Aussi, puisque je n'ose pas prendre encore le premier parti,
celui que réclamaient et mon autorité de consul
et les exemples de nos ancêtres, j'en prendrai un autre
moins rigoureux et plus utile au salut de tous. En effet, si
j'ordonne ta mort, tes complices épargnés
resteront au sein de la république. Mais si tu pars,
comme je t'y exhorte depuis longtemps, Rome verra
s'écouler hors de ses murs cette lie de
conjurés, cette troupe immonde si dangereuse pour
l'Etat.
Eh quoi, Catilina, tu hésites à faire pour
m'obéir ce que tu faisais déjà de
toi-même ? Le consul veut qu'un ennemi sorte de la
ville. Tu me demandes si c'est pour aller en exil (28) ? je ne l'ordonne
pas, mais, si tu me consultes, je t'y engage.
VI. Quel charme,
Catilina, peut désormais avoir pour toi le
séjour d'une ville dans laquelle, à l'exception
de ces hommes perdus entrés dans ta conjuration, il
n'est personne qui ne te craigne, personne qui ne te
haïsse ? Est-il un opprobre domestique qui n'ait
laissé à ton front sa flétrissure ?
Est-il un genre d'infamie dont la honte ne s'attache à
ta vie privée ? Quelle impureté, quel forfait,
quelle turpitude n'ont pas souillé tes yeux, tes
mains, toute ta personne ? Quel est l'adolescent (29),
enchaîné par tes séductions corruptrices,
dont tu n'aies armé le bras pour le crime, ou servi
les débauches ?
Mais quoi ! lorsque dernièrement, par le meurtre d'une
première épouse (30), tu eus fait
place dans ta maison à un nouvel hymen, n'as-tu pas
mis le comble à ce crime par un incroyable forfait
(31) ? Je
m'abstiens d'en parler, et je consens aisément
à ce qu'on le taise, afin qu'on ne sache pas qu'un
attentat aussi monstrueux a été commis dans
Rome, ou qu'il y est resté impuni. Je ne dis rien de
la ruine complète de ta fortune, dont tu es
menacé pour les ides prochaines (32) ; je ne m'occupe
pas de l'ignominie dont tes désordres personnels te
couvrent, ni des embarras domestiques qui t'avilissent, je ne
m'attache qu'aux faits qui intéressent la
république tout entière, le salut et la vie de
tous les citoyens.
Peux-tu jouir avec bonheur, Catilina, de la lumière
qui nous éclaire ou de l'air que nous respirons,
lorsque tu sais qu'il n'est aucun de nous qui ignore que la
veille des calendes de janvier, sous le consulat de
Lépidus et de Tullus (33), tu te
présentas dans les comices armé d'un poignard ?

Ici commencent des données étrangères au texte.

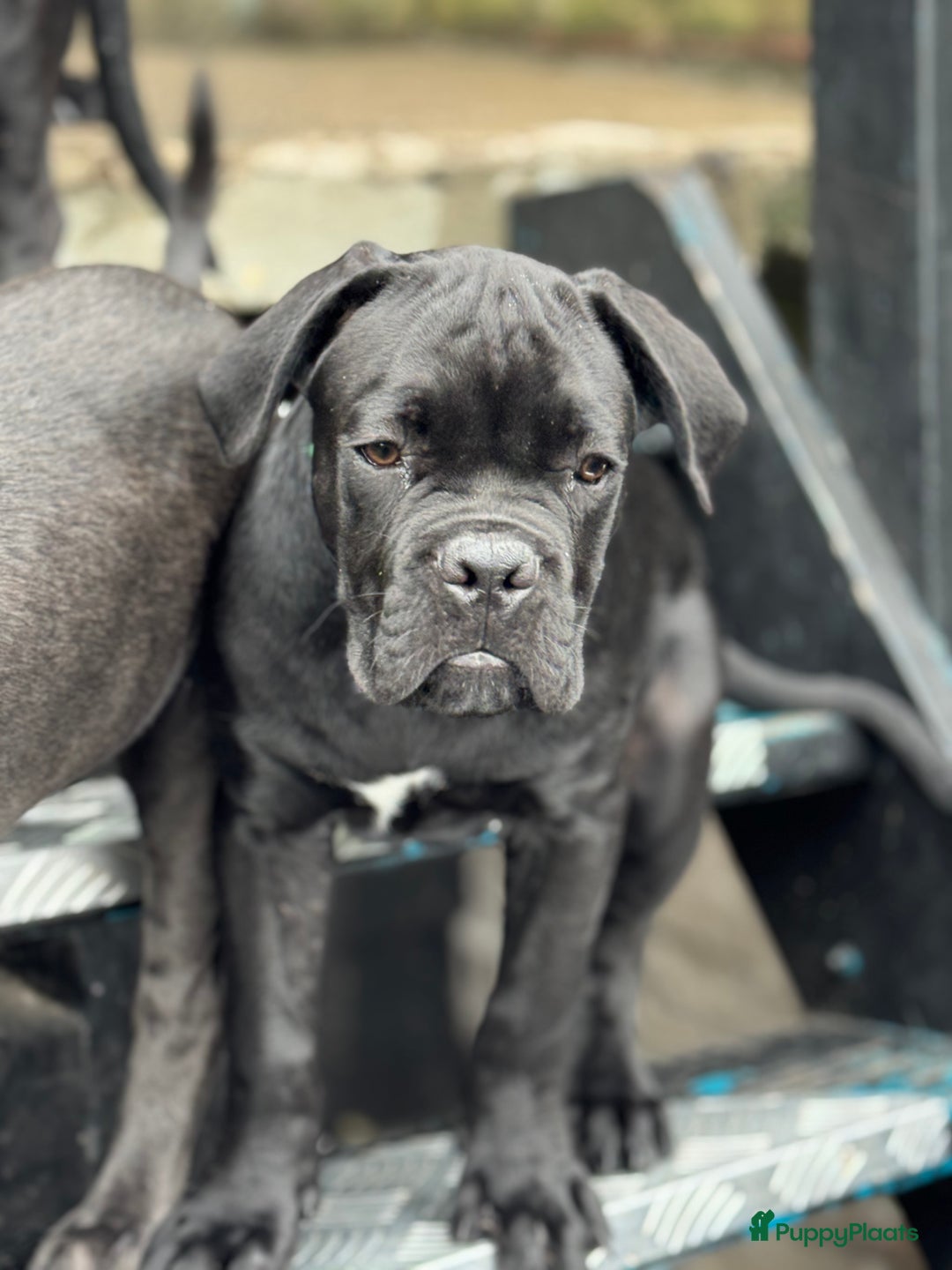 Cane Corso honden te koop: Cane Corso puppy's van 2 maanden oud te koop in Stad aan 't Haringvliet - Afbeelding 11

que tu avais aposté une troupe de
scélérats pour assassiner les consuls et les
principaux citoyens ? que ce ne fut ni le repentir ni la
crainte qui mirent obstacle à ta fureur, mais la
fortune du peuple romain ? Mais je passe sur ces crimes
(34). Ils ne
sont pas ignorés, et beaucoup d'autres les ont suivis.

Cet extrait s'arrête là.